In most B2B companies, a comprehensive marketing effort will include four core types of marketing communications programs:
For example, an effective measurement system for demand generation programs will emphasize metrics that focus on the volume of new leads generated, the percentage of leads that are progressing or "converting" from one lead stage to the next, and the velocity with which leads are moving through the lead-to-revenue cycle. Likewise, the metrics for customer retention programs should probably include customer retention rates, share of wallet, and net promoter scores.
In an earlier post, I noted that measuring the performance of content has recently become a hot topic, and I pointed to measurement frameworks suggested by Jay Baer, Curata, and Contently. I agree with many of the specific metrics that these frameworks include, but I also contend that most companies should not focus primarily on measuring the performance of content marketing per se. Here's why.

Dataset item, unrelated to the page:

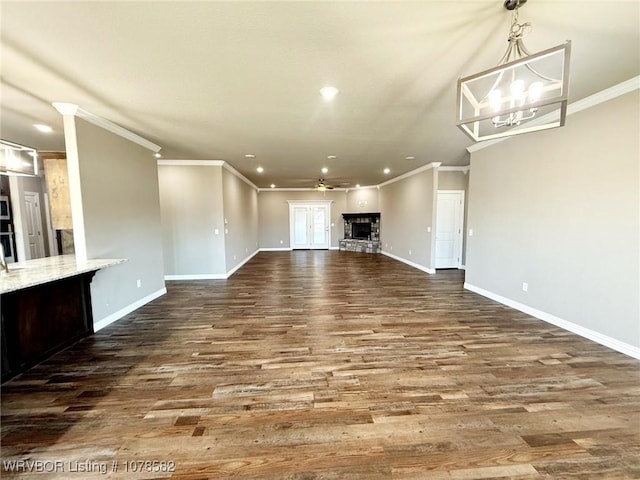 unfurnished living room featuring ceiling fan with notable chandelier, ornamental molding, and hardwood / wood-style flooring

Content marketing is a marketing method that emphasizes the use of informative or entertaining, and primarily non-promotional, content as the "fuel" for marketing communications programs. These programs are designed to achieve a variety of marketing objectives that have remained largely unchanged for many years. Therefore, the essence of what we now call content marketing is simply about using a distinctive kind of content to accomplish long-standing marketing goals.
In most B2B companies, a comprehensive marketing effort will include four core types of marketing communications programs:
- Reputation building programs that are designed to build brand awareness and bolster brand preference
- Demand generation programs that are designed to acquire new sales leads and nurture those leads until they are ready to engage with a sales rep
- Sales enablement programs that are designed to support the efforts of the sales force
- Customer retention programs that are designed to sustain and enhance relationships with existing customers
Collectively, these four types of programs define the scope of the marketing communications function, and the results of these programs are what companies should measure. Content is an essential ingredient in all of these marketing programs, but it is one of several factors that determine program success. Therefore, metrics that focus exclusively on content performance (consumption, engagement, sharing, etc.) won't adequately measure program performance.
A sound measurement system will certainly include content-related metrics, but the primary metrics should be based on the outcomes that each type of program is designed to produce and, ultimately, on the business impact of those outcomes.
For example, an effective measurement system for demand generation programs will emphasize metrics that focus on the volume of new leads generated, the percentage of leads that are progressing or "converting" from one lead stage to the next, and the velocity with which leads are moving through the lead-to-revenue cycle. Likewise, the metrics for customer retention programs should probably include customer retention rates, share of wallet, and net promoter scores.
As its popularity and use have grown, we have come to view content marketing as a distinct marketing discipline. Overall, this has been good because it has supported the development of a body of knowledge about how to do content marketing well. The downside of this approach is that it can lead us to view content marketing as an end unto itself.
Content is a critical ingredient in the recipe for successful marketing, so measuring the effectiveness of our content is important. But, it's even more important to measure the results produced by our marketing programs.